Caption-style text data
Segment Open

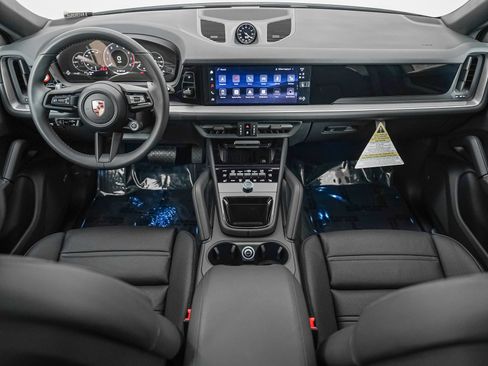 New 2026 Porsche Cayenne Coupe image 15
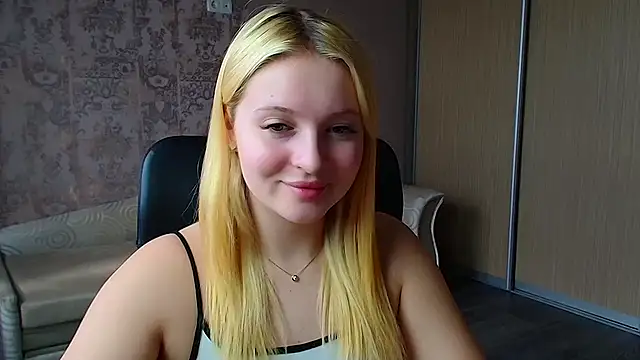 Snapshot of Milka_kiss_ chatting on 04.21.26 Milka kiss online show from 04.21.26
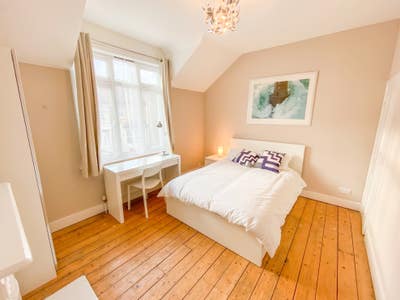 Lovely XL Room in CRO Centre📌Cleaner & Bills Incl Main Photo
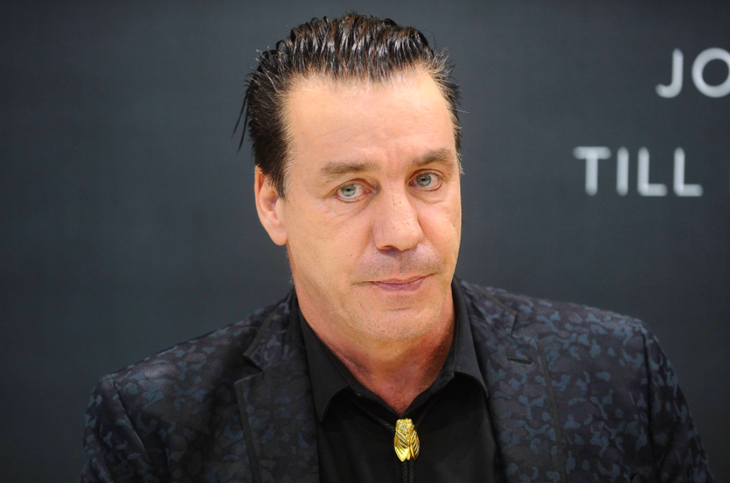 Эрмитаж обвинил солиста Rammstein в незаконном заработке на экспонатах музея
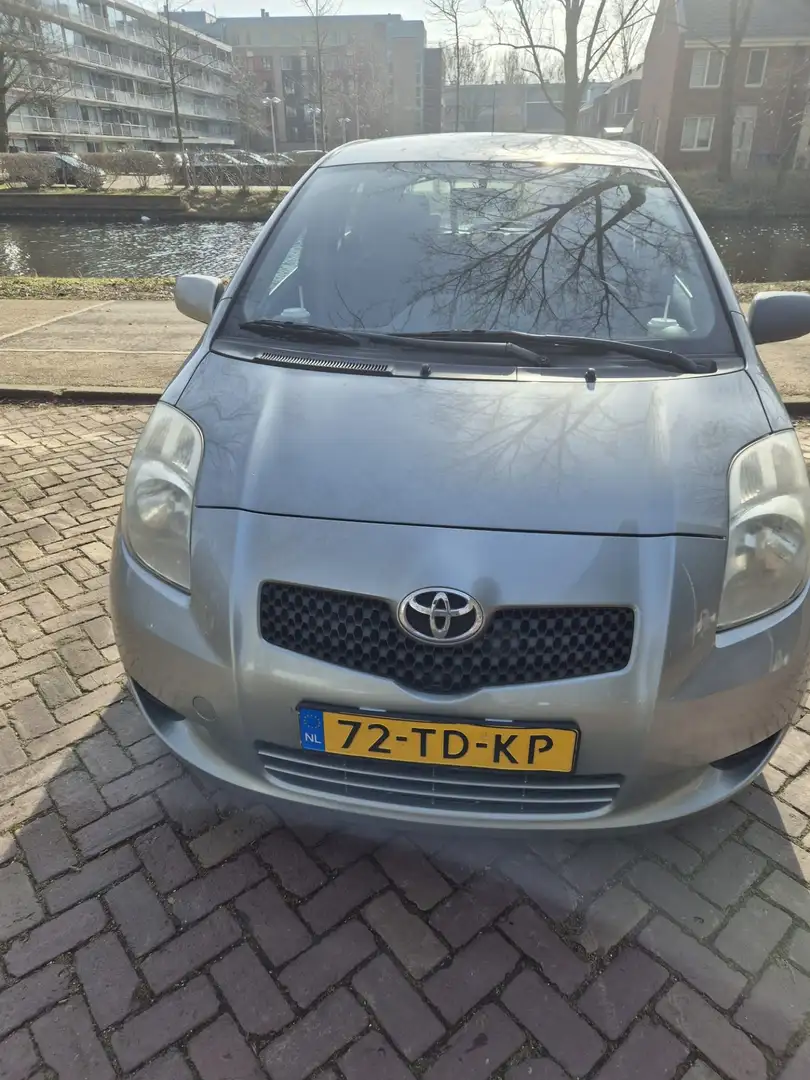 Toyota Yaris 1.3 VVTi Sol MMT Zilver - 1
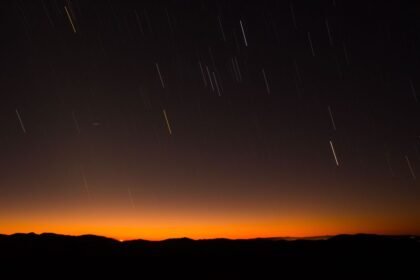 Céu de abril tem chuva de meteoros e passagem do “Cometa do Diabo“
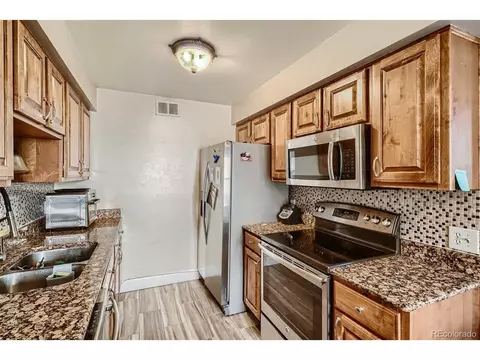 Undisclosed, Denver, CO 80231 photo 9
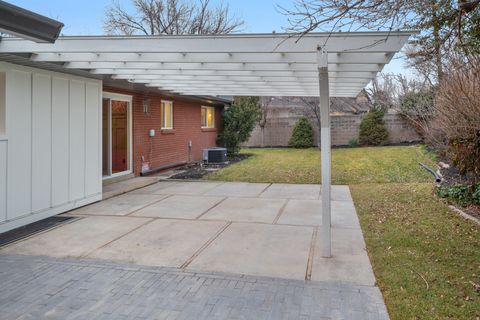 Tiny photo for 4695 S SYCAMORE Dr, Holladay, UT 84117 (MLS # 2133290)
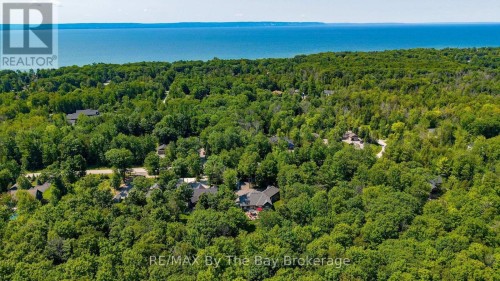 81 Spruce Street, Tiny, ON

Segment Closed

EXERCISE PROMPT -
Copy out only the lines beginning at the line with "Undisclosed, Denver, CO 80231 photo 9" and ending at the last line of the entries. Keep them exact; drop pictures.

EXERCISE OUTPUT -
 Undisclosed, Denver, CO 80231 photo 9
 Tiny photo for 4695 S SYCAMORE Dr, Holladay, UT 84117 (MLS # 2133290)
 81 Spruce Street, Tiny, ON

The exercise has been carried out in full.